One of the fascinating things about CaCO3, that is marble, that is the most common mineral form of CO2, is that it is reversely soluble - that is, it dissolves more easily in cold water than in hot. That's the opposite of most everything, sugar, salt, most other minerals... So when the oceans were cold, there was a lot of CO2 dissolved in them. When the oceans warmed up quickly, all that CO2 was no longer stable in the dissolved state and CaCO3 - limestones - precipitated on the seafloor all over the world. We usually associate limestones with warm shallow places - coral reefs, etc. - but in the late-Neoproterozoic warming, limestones were forming everywhere, even in the very deep sea. Enter the outcrop at Kogelfontein.

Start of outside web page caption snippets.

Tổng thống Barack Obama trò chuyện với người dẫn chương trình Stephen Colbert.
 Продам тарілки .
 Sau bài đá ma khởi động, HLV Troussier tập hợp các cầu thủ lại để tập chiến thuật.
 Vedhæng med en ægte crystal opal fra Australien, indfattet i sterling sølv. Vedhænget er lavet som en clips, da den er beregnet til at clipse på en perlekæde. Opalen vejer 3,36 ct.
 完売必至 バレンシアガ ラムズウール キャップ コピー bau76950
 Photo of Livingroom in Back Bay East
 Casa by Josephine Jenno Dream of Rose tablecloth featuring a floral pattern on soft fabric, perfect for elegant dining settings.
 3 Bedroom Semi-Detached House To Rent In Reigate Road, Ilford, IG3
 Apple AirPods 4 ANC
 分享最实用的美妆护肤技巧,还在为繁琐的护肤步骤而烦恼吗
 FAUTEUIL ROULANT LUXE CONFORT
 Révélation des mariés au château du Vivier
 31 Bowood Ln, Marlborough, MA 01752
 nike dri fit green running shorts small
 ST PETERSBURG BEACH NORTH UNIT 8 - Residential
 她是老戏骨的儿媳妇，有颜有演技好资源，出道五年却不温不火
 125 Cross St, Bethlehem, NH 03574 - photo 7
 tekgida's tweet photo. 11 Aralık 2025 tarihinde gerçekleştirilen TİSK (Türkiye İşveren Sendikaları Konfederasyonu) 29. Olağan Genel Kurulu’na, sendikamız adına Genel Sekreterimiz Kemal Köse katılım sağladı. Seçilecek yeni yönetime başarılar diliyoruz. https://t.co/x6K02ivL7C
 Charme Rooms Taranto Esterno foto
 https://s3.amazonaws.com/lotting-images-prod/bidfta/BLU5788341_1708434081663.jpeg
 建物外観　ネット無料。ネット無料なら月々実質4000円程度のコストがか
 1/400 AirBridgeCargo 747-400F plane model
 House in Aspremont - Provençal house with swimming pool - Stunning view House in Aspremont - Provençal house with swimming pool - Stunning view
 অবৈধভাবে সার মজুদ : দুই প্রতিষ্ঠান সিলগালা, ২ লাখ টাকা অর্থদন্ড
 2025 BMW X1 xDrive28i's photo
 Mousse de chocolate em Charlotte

The black shales here are deep water deposits (again, or so the story goes) that are very rarely found in association with limestones, anywhere in the rock record. Here they are together, repeated at least a couple of times: a shale, a limestone, a shale, a limestone. Or is it?

Here's trusty TA Duane pointing out the reason for the repetition. The reddish rounded lump he's standing on is the long thin hinge of an isoclinal bedding parallel fold - the axial plane of the fold lies in the plane of bedding.
The fold is ultimately doubly-plunging - it rounds off at both ends like a big sausage (that would be wors in local parlance) but there are others along strike. And in between, some beautiful evidence of tectonic interference with the stratal succession: shear foliations in otherwise sugary marbles, and strange little cuspate-lobate structures on ptygmatic folds (not sure what that folded bed is). That ZA 50-center is the size of a US quarter.

Here's a shot down the axis where a quartz-rich bed is desperately trying to maintain its radius of curvature in spite of the drag:

So the moral of the story is: earth warmed up, and here we are. Whether these marine seds actually provide anything more than circumstantial evidence for Snowball Earth and catastrophic warming of the oceans is still under debate. The other moral of the story is: don't measure section in an accretionary complex***.

*Neoproterozoic is about 1Ga -> Cambrian, for those who share my timescale bias problems.
** as opposed to "Al-Yu-Min-E-Um"
***I don't really know if it's an accretionary complex. It's supposed to be an along-strike equivalent to the Malmesbury Group down here in Cape Town. But that's an axe to grind for another post.